A recommended approach would be to convert the XY coordinates to Latitude/Longitude format. The transformation of XY coordinates to geographic coordinates might involve rotation, scaling and possibly flipping of the coordinates (if your problem allows it). This transformation process is coupled with optimization objectives as per your problem needs.
Some examples of the optimization objectives are listed below:
  • Minimize the total sum of distances between matched points (minimum aggregate distance)
  • Minimize the maximum distance between any matched pair (minimax objective)
This would become computationaly expensive and wouldn't be trivial to solve.
However if the XY data lies in the same coordinate system as the Latitude and Longitude, then this problem can be solved with a simple brute-force solution. I am assuming the X and Y are longitudes and latitudes respectively. Also, for calculating distance between two points, I have used Euclidean distance which might be good approximation for shorter distances, but to get the exact distance use haversine distance.

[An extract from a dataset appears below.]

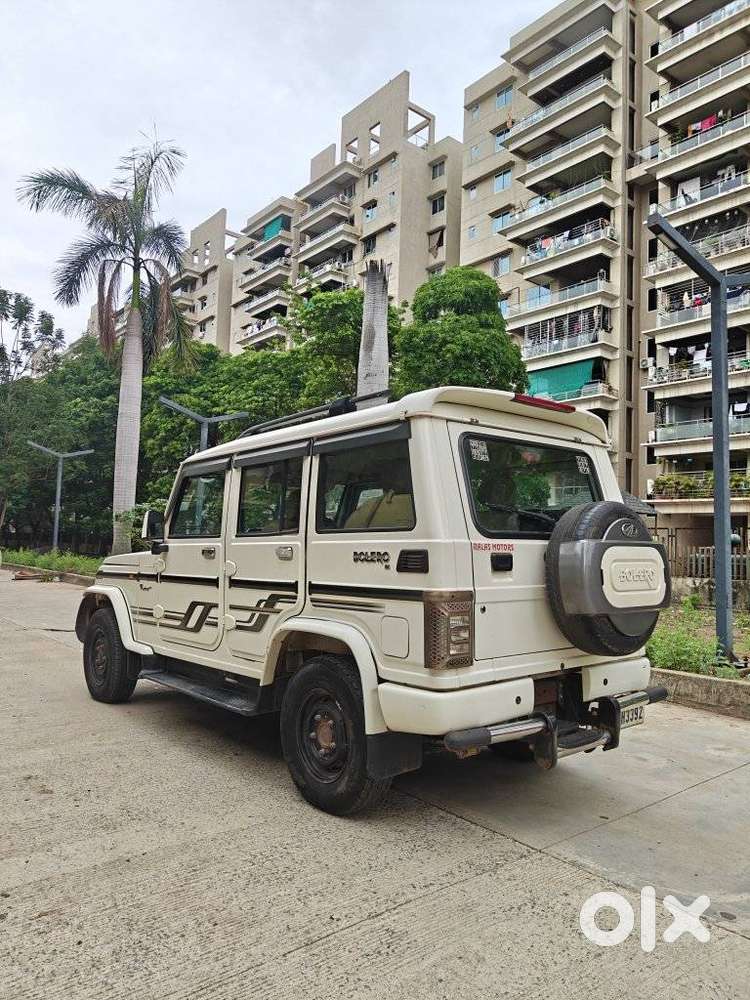 Mahindra Bolero 1.5 B6 (o), 2021, Diesel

The below code implements a nearest neighbor search where for each point in the XY dataset, it finds the closest point in the Latitude-Longitude grid by computing distances to all grid points and selecting the minimum
load('rough_dat.mat'); % Contains Lat, Lon, rough
load('data_dat.mat'); % Contains x, y, ep
% Pre-allocate arrays to store results
n_points = length(x);
nearest_rough = zeros(n_points, 1);
nearest_lat = zeros(n_points, 1);
nearest_lon = zeros(n_points, 1);
% For each point in XY
for i = 1:n_points
min_dist = Inf;
% Compare with each point in Latitude - Longitude grid
for j = 1:length(Lat)
for k = 1:length(Lon)
% Calculate distance using Euclidean formula
dist = sqrt((x(i) - Lon(k))^2 + (y(i) - Lat(j))^2);
if dist < min_dist
min_dist = dist;
nearest_rough(i) = rough(j,k);
nearest_lat(i) = Lat(j);
nearest_lon(i) = Lon(k);
end
end
end
end
results = table(x, y, ep, nearest_rough, nearest_lat, nearest_lon, ...

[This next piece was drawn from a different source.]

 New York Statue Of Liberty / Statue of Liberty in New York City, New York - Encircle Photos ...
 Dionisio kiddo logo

'VariableNames', {'X', 'Y', 'EP', 'Rough', 'Latitude', 'Longitude'});
disp(results);
Hope this helps!
  2 Kommentare
Adi Purwandana
Adi Purwandana am 12 Nov. 2024 um 12:43
Excellent! Thank you @Madheswaran, that's really helping!
Pavl M.
Pavl M. am 12 Nov. 2024 um 14:12
Bearbeitet: Pavl M. am 13 Nov. 2024 um 11:46
The solution is the best so far, while it is yet not optimal.Whether to sharpen the code by eliminating the 2 for loops by calculating the distance on matrices?
%Trained AI produced next code with my prompt engineering:
% Load data
load('rough_dat.mat'); % Contains Lat, Lon, rough
load('data_dat.mat'); % Contains x, y, ep
% Create meshgrid for Lat and Lon
[Lon_grid, Lat_grid] = meshgrid(Lon, Lat);
% Flatten the grids and rough matrix
Lon_flat = Lon_grid(:);
Lat_flat = Lat_grid(:);
rough_flat = rough(:);
% Combine Lat and Lon into a single matrix for knnsearch
LatLon = [Lat_flat, Lon_flat];
% Perform nearest neighbor search
[indices, distances] = knnsearch(LatLon, [y, x]);
%or, select which is better for you:
% Calculate the distance matrix
x_diff = x(:) - Lon_flat';
y_diff = y(:) - Lat_flat';
distances = sqrt(x_diff.^2 + y_diff.^2);
% Find the minimum distance and corresponding indices
[min_distances, min_indices] = min(distances, [], 2);
% Extract the nearest roughness, latitude, and longitude
nearest_rough = rough_flat(indices);
nearest_lat = Lat_flat(indices);
nearest_lon = Lon_flat(indices);
% Create results table
results = table(x, y, ep, nearest_rough, nearest_lat, nearest_lon, ...
'VariableNames', {'X', 'Y', 'EP', 'Rough', 'Latitude', 'Longitude'});
disp(results);
Here is the pseudocode which demnostrates the more optimal algorithm
l1 = length(Lon);
l2 = length(x);
l3 = length(Lat);
l4 = length(y);
%l5 = length(Az);
%l6 = length(z);
%this is from my code from before (original, no AI is trained to produce it yet):
%dimensions fitting:
Lon = Lon';
col = true;
%for x,y column vectors
if col
if l1 > l2
xl = [x; ones(l1-l2,1)*NaN]
elseif l1 < l2
xl = [Lon; ones(l2-l1,1)*NaN]
end
if l3 > l4
yl = [y; ones(l3-l4,1)*NaN]
elseif l3 < l4
yl = [Lat; ones(l4-l3,1)*NaN]
end
else
%ToDo: doable for row vectors as well:
if l1 > l2
xl = [x ones(1,l1-l2)*NaN]
elseif l1 < l2
xl = [Lon ones(1,l2-l1)*NaN]
end
if l3 > l4
yl = [y ones(1,l3-l4)*NaN]
elseif l3 < l4
yl = [Lat ones(1,l4-l3)*NaN]
end
end
depending on which vector of coordinates is lengthy:
dist = haversined(yl,xl,Lat,Lon);
dist is a matrix by length of max(x,Lon), max(y,Lat)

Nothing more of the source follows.